Questionable decisions by The Schaub. Far be it from me to cast stones at the Altar of Schaub, because God knows I wouldn’t want to revert to the old QB, and the positives certainly outweigh the negatives with Matt, but someone might want to sit him down and explain some things to him. First of all, throwing a two-yard pass to a crossing fullback on thirdfourth-and-three is never, ever a good idea unless the defense is made up of blind people and retards. Second, in the hurry-up offense, again you might want to avoid dump passes to people like Jameel Cook. (In fact, speaking of Cook, I think it’s fair to say that something went wrong in your game planning if Cook ends a game with 6 catches, especially for a whopping 28 yards.) Third, that “running to the right, throwing back against the grain into the middle of the field” thing? Yeah, rarely a good idea. And, by “rarely,” I mean “never.” Finally, the next time you think about throwing the ball to Ron Dayne, do me a favor and throw it directly into the ground to end the suspense.

Harrington. I was going to cite “inability for the defense to stop anything” as the reason, but that would take away from how well Harrington actually played. Still, when you saw how easily we were able to get to him and disrupt their offense near the end when we started blitzing, one has to wonder why we didn’t mix that in a little more. Sure, Amobi got his fourth sack and, yes, Mario was getting pressure, but for the most part, Harrington just avoided whichever defensive lineman worked his way free and threw to the open man being guarded by Faggins. I am generally not a huge fan of blitzing, but mixing a couple in just to get some shots in on Joe and force him to make quick throws would have gone a LONG way toward keeping Atlanta points off the board. But, because we didn’t, my hat is off to Joey for playing an efficient and intelligent game.

****

Not everything was bad, however. After a game like that, it can be hard to admit that there were in fact a few bright spots. First, the offensive line continues to play far better than anyone thought they would. Schaub was sacked once, raising the season total to 6 (1.5 per game). The old QB was sacked three times in his first start at Carolina.

Second, DeMeco Ryans. Six more tackles and a sack. He and Morlon Greenwood (11 tackles) quietly had a great game in the middle of the field.

Lastly, Apostrophe Davis. The man came into the game with a recently-dislocated finger, made a leaping one-handed circus catch for a TD, and finished the game with 5 catches for 117 yards.
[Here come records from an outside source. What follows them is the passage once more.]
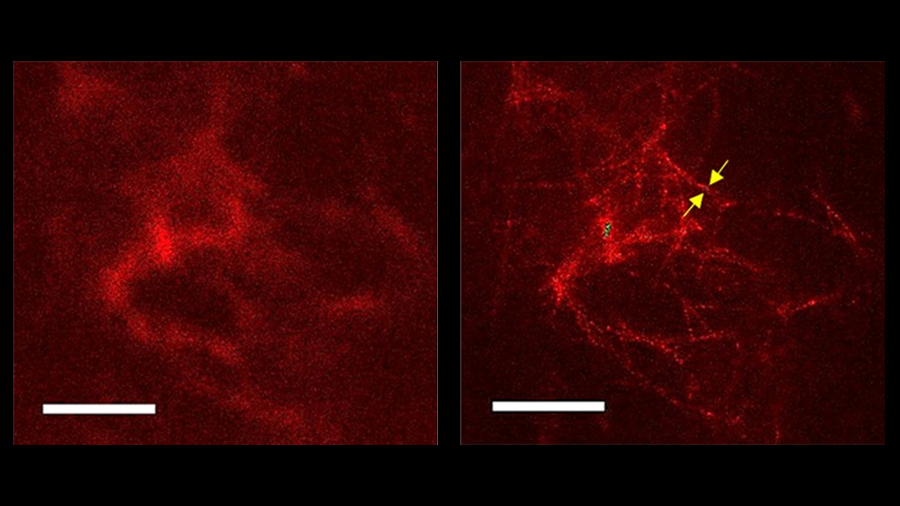 Plaques Amiloides amb microscopia confocal (esq.) i STED (dreta)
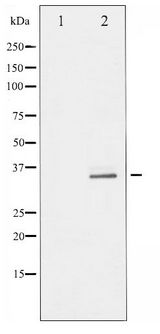 RPS6 / Ribosomal Protein S6 Antibody - Western blot of S6 Ribosomal Protein phosphorylation expression in serum treated 293 whole cell lysates,The lane on the left is treated with the antigen-specific peptide.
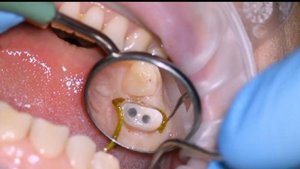 Tooth preparation for a zirconium crown. Препарирование зуба под коронку из циркония.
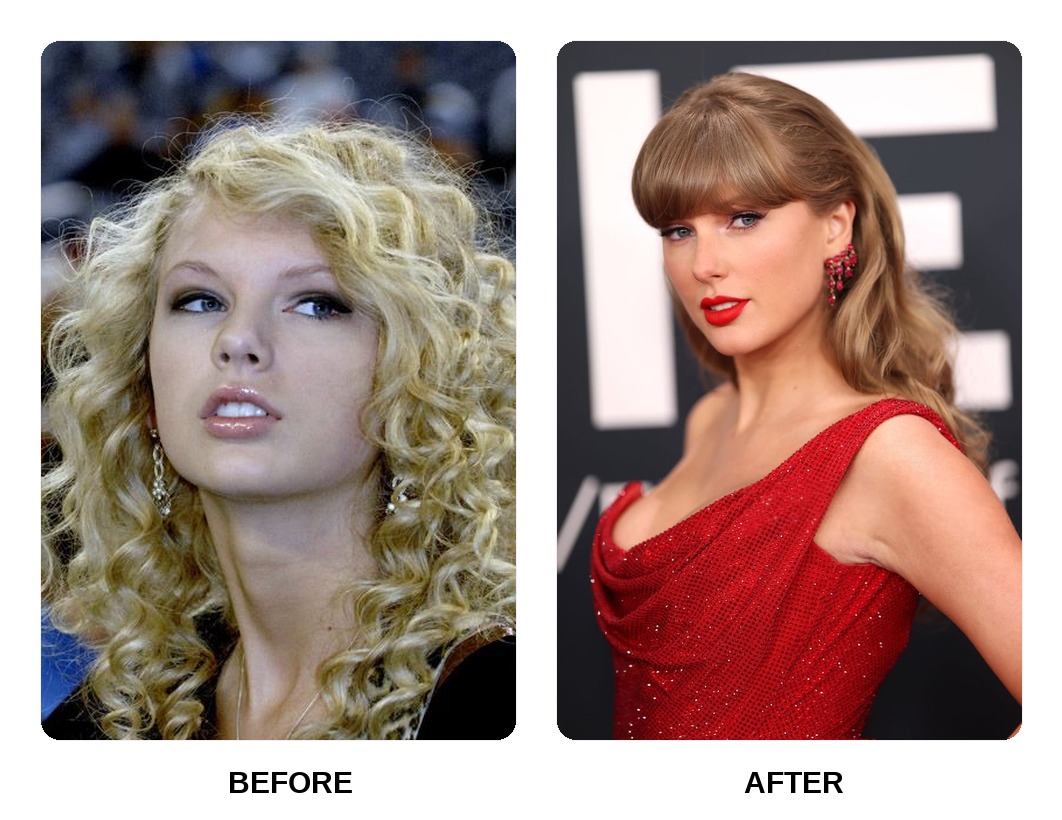 Taylor Swift Teeth Before and After: What Happened in His Transformation?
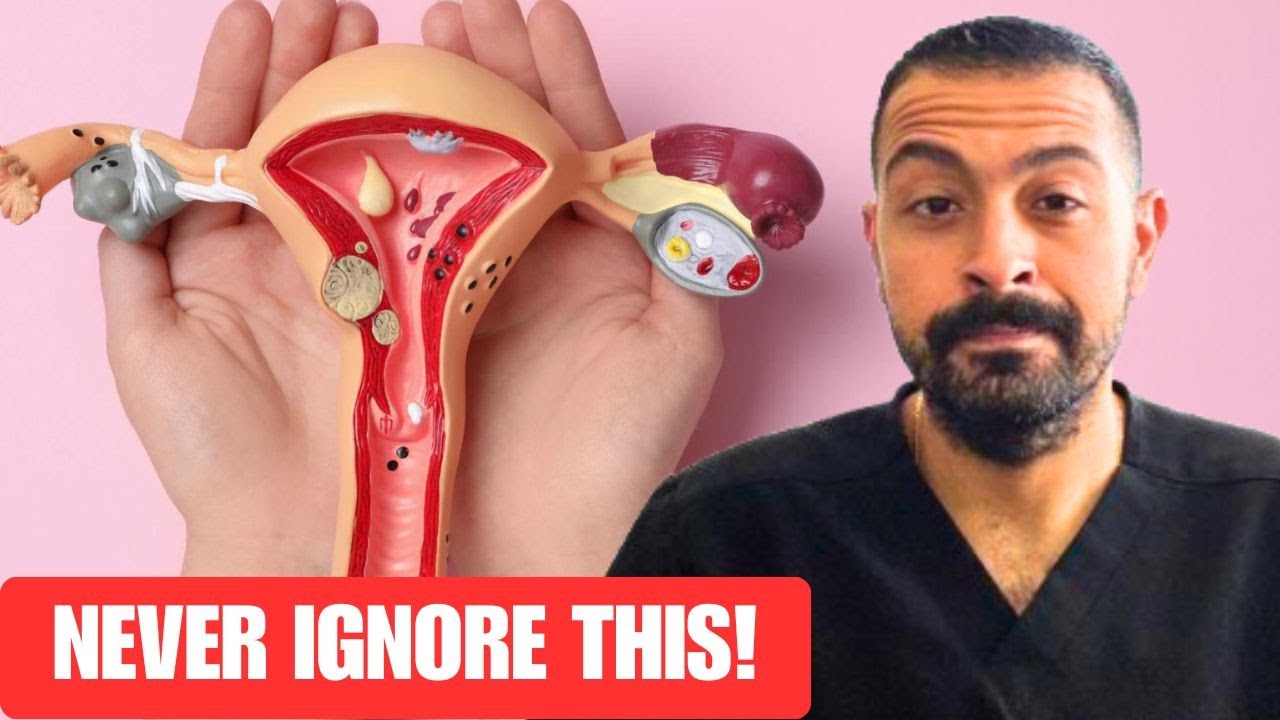 STOP Believing These Prolapse Myths!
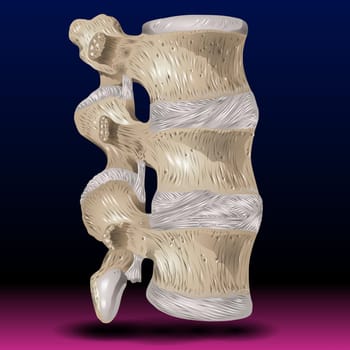 Ankylosing Spondylitis Realistic Vector Medical Chart with Human Vertebral Column Joints Inflammation and Bones Fusion Anatomical Illustration. Spine joint bones arthritis symptoms orthopedic concept.
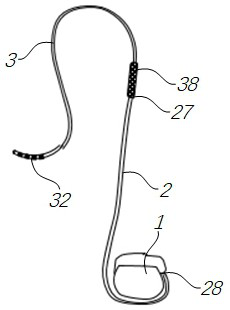 Implanted electrode and implanted electrical stimulation system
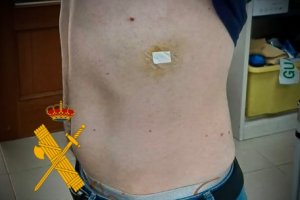 La víctima tuvo que ser atendido en el Hospital de La Inmaculada, de Huércal-Overa.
Considering he wasn’t even on the active roster a couple weeks ago, this performance was outstanding.

Through early morning fog I see, visions of the things to be

Tim took a break from shmoozing his readers to offer us a quick recap of who is in and who is out this weekend as the JUGGERNAUT travels down to the Dirty South.

Unfortunately, it looks like some of those injuries are going to be for longer than just the upcoming beatdown of the Falcons. Andre Johnson is expected to miss “at least two more weeks” according to HoustonProFootball.com. Jacoby Jones is out at least that long as well according to pretty much every source. Obviously, McKinney is done for the year with the blown ACL, as is Killings with a fractured neck. Good lord.

Of these, obviously Andre Johnson is the most important. That is hardly news. Now, I am not a physical therapist (though I have said I was as a pickup line before), but I have sprained a knee, and getting that flexibility back after the brace comes off can be a bitch–the tendons feel all tight and weird and you keep thinking it is going to explode if you bend it. Long story short, if he is ready to go in two weeks, AJ is a bad motorscooter.

In happier news, Ron Dayne managed to dislodge the immigrant family he accidentally swallowed, so he should be good to go this week. Also, according to Ahman Green, Batman is fine and just needs the swelling to go down, though Kubiak wasn’t quite so sure. Breaking the tie, for now at least, KFFL says that Megan Manfull says that she heard from Tommy who sits next to Becky in Biology that Green will play. Of course, we all know Becky is a lying slut, so take that with a grain of salt.

The best news from the M*A*S*H unit is that Andre Davis is going to play, despite dislocating his finger last week. After that leaping sideline grab last week, I became a fan of Apostrophe. Hell, I would Friendster the guy if I had any clue what the hell that meant. Stupid kids with their stupid hip slang. In my day, “bad” meant “good,” and that’s how it was supposed to be!

As I type feverishly in an effort to convince myself…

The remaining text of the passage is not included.